A paisagem diversificada da terra santa é a principal protagonista nos trabalhos de pintura, escultura e fotografia. As colinas e as montanhas oferecem uma dinâmica especial de linhas e formas; os vales, a vegetação esverdeada e a luminosidade dão origem a efeitos coloridos especiais; a areia e o mar criam também novas superfícies. De maneira geral, a paisagem local, os problemas e a política do país constituem o foco central da arte israelense e garantem sua singularidade.
A arte da “Academia Bezalel”
Uma intensa atividade artística iniciou-se na Terra de Israel em 1906, quando o Prof. Boris Schatz (1867-1932) imigrou da Bulgária e fundou a “Academia de Artes Bezalel” em Jerusalém, de acordo com um projeto aprovado pelo Congresso Sionista de 1905. A meta principal era estimular jovens talentos a estudar artes. Em 1910 a “Academia Bezalel” já contava com 32 departamentos diferentes, 500 estudantes e um mercado ávido por suas obras em todo o mundo.
Além de pintores e escultores, a vida artística do país contava com um contingente de artesãos promissores (ceramistas, ourives, calígrafos, tecelões, vidreiros); muitos deles especializados em produzir “tashmishei kedushá”, tipos diferentes de objetos para cerimoniais judaicos.

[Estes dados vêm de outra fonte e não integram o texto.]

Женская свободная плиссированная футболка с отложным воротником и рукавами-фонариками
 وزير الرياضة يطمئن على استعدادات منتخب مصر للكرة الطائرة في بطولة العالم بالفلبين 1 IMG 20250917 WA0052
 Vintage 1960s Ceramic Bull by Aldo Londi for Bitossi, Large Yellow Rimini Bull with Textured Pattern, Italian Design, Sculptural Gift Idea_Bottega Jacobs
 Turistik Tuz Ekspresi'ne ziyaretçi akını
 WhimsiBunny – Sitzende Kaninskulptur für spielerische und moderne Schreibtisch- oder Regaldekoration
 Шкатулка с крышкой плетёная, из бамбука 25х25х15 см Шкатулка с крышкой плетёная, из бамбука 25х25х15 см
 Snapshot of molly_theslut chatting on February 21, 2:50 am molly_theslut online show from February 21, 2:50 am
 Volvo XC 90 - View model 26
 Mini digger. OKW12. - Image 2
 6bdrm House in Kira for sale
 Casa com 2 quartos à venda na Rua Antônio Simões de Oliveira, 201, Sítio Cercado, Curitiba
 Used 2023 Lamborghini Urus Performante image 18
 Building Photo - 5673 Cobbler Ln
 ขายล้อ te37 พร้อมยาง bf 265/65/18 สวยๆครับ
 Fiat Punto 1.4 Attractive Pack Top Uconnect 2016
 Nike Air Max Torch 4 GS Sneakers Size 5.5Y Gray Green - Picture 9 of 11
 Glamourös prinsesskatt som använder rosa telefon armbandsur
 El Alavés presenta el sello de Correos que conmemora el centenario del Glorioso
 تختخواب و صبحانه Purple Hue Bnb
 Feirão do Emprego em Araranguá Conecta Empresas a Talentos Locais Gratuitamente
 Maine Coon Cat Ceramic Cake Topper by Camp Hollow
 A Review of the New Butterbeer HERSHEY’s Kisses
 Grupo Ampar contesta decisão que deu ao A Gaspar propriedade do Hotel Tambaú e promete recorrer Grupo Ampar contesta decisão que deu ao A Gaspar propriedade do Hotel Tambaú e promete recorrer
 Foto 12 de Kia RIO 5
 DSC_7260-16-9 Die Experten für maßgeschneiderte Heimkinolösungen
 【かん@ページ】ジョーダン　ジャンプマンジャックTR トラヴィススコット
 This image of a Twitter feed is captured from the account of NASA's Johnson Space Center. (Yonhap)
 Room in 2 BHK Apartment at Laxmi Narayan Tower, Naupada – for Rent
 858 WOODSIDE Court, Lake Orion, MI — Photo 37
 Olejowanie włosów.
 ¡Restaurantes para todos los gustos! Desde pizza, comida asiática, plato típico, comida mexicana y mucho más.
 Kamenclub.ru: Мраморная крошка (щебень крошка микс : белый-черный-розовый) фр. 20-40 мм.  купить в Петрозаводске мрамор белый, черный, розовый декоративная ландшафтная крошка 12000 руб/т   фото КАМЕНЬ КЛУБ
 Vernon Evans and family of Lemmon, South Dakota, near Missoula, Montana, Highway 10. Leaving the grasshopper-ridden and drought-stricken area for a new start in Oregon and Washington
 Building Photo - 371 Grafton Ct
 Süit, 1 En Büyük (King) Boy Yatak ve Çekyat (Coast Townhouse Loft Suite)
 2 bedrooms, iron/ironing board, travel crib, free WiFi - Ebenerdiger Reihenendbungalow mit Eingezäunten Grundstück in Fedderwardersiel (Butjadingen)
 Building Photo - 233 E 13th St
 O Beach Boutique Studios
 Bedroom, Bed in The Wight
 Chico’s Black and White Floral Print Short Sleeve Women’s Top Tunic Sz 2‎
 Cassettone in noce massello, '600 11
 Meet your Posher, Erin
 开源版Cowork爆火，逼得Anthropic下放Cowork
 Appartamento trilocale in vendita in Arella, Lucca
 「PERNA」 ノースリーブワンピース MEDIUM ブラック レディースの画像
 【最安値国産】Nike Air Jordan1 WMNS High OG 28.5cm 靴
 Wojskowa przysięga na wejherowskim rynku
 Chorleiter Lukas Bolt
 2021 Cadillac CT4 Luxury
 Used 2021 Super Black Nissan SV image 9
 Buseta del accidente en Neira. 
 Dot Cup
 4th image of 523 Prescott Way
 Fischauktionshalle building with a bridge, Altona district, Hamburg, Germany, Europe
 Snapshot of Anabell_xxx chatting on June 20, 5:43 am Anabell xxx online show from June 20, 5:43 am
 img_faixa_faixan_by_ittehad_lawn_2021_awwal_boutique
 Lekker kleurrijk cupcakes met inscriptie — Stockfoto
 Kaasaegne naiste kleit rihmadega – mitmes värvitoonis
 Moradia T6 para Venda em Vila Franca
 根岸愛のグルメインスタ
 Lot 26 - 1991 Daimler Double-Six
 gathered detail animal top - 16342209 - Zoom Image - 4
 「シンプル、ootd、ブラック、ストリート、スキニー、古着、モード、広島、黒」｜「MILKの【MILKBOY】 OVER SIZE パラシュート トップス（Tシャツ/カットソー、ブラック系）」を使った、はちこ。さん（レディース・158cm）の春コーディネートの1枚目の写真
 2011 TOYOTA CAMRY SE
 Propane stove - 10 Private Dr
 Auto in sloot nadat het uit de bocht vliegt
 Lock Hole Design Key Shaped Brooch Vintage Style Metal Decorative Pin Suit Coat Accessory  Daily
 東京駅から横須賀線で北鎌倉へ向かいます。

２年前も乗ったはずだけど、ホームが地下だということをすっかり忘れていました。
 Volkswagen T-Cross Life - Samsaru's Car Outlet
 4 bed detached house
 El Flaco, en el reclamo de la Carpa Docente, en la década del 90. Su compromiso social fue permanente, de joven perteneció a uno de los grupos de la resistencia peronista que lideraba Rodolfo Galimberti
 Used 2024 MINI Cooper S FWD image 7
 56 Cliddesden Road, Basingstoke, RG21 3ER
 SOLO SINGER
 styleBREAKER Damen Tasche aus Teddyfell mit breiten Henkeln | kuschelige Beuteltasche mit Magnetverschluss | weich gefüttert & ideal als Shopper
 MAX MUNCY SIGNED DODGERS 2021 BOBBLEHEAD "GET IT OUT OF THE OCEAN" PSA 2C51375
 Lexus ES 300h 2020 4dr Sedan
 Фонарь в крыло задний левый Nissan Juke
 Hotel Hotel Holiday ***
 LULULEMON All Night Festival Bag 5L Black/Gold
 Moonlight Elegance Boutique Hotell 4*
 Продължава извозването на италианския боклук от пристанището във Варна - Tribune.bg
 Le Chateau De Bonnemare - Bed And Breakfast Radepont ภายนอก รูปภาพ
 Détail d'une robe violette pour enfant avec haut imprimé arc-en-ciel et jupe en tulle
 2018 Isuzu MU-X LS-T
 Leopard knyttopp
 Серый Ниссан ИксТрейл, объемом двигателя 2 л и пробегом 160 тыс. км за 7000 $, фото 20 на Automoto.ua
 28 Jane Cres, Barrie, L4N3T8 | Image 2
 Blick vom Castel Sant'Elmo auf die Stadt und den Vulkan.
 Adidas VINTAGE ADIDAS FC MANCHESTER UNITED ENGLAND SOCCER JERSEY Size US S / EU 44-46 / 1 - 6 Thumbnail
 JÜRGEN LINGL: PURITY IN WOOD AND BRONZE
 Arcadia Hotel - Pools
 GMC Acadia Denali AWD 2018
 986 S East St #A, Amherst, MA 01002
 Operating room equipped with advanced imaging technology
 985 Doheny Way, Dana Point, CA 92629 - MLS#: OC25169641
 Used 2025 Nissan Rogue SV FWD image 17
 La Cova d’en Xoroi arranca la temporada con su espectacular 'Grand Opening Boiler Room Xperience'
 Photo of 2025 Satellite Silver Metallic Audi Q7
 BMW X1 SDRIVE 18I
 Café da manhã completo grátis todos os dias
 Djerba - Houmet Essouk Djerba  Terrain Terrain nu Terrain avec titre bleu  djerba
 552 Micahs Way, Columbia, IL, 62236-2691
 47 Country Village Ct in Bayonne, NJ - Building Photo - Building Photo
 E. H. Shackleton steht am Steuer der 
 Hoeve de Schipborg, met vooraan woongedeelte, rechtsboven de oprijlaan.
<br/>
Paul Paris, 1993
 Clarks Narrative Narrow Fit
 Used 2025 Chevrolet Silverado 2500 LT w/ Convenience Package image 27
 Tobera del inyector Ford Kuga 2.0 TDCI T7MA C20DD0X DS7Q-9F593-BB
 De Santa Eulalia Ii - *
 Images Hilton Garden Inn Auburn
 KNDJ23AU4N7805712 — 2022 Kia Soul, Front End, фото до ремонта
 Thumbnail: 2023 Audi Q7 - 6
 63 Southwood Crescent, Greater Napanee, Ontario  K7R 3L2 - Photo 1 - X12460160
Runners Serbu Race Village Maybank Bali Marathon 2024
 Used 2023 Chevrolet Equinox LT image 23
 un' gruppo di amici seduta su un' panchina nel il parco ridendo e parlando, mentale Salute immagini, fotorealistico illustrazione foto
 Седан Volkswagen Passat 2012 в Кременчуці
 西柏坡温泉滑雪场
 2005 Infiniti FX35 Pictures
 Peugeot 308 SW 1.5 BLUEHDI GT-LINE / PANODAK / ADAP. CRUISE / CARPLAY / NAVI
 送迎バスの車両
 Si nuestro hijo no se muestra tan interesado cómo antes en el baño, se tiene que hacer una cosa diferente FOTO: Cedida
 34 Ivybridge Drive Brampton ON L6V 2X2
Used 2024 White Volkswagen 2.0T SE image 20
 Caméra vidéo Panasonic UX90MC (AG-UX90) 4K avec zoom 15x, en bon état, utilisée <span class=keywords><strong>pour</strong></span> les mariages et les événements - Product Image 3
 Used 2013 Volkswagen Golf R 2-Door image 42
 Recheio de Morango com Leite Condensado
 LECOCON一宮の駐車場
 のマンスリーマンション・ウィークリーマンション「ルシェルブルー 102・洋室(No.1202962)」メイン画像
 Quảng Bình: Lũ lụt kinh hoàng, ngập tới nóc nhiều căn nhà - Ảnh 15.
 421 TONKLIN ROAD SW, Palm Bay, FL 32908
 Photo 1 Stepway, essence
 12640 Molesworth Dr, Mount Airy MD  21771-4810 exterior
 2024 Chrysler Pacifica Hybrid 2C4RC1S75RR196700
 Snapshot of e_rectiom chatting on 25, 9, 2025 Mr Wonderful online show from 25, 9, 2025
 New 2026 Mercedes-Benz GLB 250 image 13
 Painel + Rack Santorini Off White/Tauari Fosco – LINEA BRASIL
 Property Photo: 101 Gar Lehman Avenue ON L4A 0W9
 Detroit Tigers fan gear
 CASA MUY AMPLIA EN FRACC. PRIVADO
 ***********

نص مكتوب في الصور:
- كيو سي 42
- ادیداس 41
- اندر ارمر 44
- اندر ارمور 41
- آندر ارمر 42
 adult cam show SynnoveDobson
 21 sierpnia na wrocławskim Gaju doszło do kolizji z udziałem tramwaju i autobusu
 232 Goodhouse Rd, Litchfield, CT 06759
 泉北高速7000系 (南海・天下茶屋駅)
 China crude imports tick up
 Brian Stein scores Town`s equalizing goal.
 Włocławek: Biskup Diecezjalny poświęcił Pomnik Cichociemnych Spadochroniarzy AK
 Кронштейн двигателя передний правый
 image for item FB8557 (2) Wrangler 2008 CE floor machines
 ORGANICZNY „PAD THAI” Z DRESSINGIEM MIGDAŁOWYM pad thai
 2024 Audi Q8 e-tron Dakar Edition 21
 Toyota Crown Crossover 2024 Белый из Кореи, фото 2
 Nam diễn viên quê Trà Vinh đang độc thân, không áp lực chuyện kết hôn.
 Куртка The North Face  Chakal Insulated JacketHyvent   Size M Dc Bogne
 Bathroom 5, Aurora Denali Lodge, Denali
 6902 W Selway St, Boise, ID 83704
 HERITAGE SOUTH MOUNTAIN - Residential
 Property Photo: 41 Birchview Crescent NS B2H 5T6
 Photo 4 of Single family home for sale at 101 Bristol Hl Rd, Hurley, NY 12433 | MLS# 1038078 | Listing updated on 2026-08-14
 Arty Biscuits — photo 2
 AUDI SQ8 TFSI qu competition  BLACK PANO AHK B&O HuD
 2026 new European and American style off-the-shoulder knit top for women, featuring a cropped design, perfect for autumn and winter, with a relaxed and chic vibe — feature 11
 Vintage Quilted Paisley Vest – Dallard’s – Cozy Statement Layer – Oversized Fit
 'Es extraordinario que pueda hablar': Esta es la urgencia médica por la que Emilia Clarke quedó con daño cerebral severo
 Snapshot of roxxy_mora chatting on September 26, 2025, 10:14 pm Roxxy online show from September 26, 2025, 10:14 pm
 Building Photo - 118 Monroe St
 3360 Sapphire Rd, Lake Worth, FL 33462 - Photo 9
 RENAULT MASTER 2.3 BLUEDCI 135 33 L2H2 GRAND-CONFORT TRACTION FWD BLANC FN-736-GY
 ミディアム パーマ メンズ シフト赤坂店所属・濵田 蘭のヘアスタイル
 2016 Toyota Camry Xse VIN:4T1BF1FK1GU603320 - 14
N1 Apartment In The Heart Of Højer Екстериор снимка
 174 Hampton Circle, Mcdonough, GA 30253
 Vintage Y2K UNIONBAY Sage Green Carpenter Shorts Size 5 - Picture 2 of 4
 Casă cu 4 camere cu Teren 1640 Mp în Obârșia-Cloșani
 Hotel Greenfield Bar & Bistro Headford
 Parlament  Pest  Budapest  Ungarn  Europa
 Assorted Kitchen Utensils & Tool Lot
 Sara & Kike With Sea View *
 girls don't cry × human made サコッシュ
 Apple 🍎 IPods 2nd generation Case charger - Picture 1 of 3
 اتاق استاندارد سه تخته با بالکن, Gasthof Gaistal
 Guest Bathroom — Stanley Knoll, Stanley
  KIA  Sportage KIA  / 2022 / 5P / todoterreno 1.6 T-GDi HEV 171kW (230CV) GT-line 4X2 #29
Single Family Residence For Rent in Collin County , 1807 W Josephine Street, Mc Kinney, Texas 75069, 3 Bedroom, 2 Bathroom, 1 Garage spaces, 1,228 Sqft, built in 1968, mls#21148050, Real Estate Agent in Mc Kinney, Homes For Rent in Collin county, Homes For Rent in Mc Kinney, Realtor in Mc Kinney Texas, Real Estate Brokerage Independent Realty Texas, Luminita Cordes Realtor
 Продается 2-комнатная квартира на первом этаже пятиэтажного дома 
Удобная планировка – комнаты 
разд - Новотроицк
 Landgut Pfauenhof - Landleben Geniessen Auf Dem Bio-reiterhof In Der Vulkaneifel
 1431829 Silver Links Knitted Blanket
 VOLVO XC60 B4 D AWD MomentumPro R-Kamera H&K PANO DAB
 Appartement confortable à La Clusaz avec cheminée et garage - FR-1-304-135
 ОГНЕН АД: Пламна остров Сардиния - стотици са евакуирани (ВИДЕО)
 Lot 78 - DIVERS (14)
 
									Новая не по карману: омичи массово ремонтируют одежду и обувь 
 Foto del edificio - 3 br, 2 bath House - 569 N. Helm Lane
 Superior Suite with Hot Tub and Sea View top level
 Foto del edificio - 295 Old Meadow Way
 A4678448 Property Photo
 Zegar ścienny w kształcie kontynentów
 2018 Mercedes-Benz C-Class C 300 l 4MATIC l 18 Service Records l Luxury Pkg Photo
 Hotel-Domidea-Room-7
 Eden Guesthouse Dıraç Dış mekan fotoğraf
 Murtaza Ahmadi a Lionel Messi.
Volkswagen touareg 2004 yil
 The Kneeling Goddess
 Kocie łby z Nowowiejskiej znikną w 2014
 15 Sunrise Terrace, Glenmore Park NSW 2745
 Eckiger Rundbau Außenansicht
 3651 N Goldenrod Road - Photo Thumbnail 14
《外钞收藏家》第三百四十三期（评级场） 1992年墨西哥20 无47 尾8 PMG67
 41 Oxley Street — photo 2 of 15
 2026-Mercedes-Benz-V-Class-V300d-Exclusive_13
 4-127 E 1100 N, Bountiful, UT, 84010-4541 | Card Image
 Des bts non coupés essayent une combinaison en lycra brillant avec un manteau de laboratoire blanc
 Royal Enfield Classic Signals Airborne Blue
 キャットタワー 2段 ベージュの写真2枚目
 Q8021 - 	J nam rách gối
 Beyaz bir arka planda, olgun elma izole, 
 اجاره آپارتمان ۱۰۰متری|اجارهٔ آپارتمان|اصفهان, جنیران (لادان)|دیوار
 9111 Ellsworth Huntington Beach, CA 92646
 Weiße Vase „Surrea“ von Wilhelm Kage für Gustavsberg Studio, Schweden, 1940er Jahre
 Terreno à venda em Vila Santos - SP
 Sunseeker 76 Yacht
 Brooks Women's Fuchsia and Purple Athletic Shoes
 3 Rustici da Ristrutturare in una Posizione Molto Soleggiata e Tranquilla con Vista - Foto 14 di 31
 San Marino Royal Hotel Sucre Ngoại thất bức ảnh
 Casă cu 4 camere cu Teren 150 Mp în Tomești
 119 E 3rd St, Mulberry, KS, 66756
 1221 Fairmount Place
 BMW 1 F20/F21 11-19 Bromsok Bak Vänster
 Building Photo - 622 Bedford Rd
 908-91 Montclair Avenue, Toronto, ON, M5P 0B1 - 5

No início, Bezalel pretendia criar uma “arte original judaica” fundindo técnicas europeias com a influência do Oriente Médio. Esta tendência artística resultou em pinturas de cenas bíblicas que retratavam concepções romantizadas do passado, junto com uma visão utópica do futuro. Surgiam assim imagens inspiradas nas antigas comunidades judaicas orientais, bem como nos beduínos locais. Entre os artistas destacados deste período podemos citar Shmuel Hirszenberg (1865-1908), Ephraim Lilien (1874-1925) e Abel Pann (1883-1963).
A primeira grande mostra, em 1921, na Cidadela de David, na cidade velha de Jerusalém, foi dominada pelos pintores de “Academia Bezalel”. Tempo depois, o estilo narrativo nacionalista de Bezalel foi desafiado tanto por jovens rebeldes dentro da própria instituição quanto por artistas recém-chegados ao território, que buscavam uma linguagem artística para o que eles denominavam “arte hebraica”, em oposição à “arte judaica”.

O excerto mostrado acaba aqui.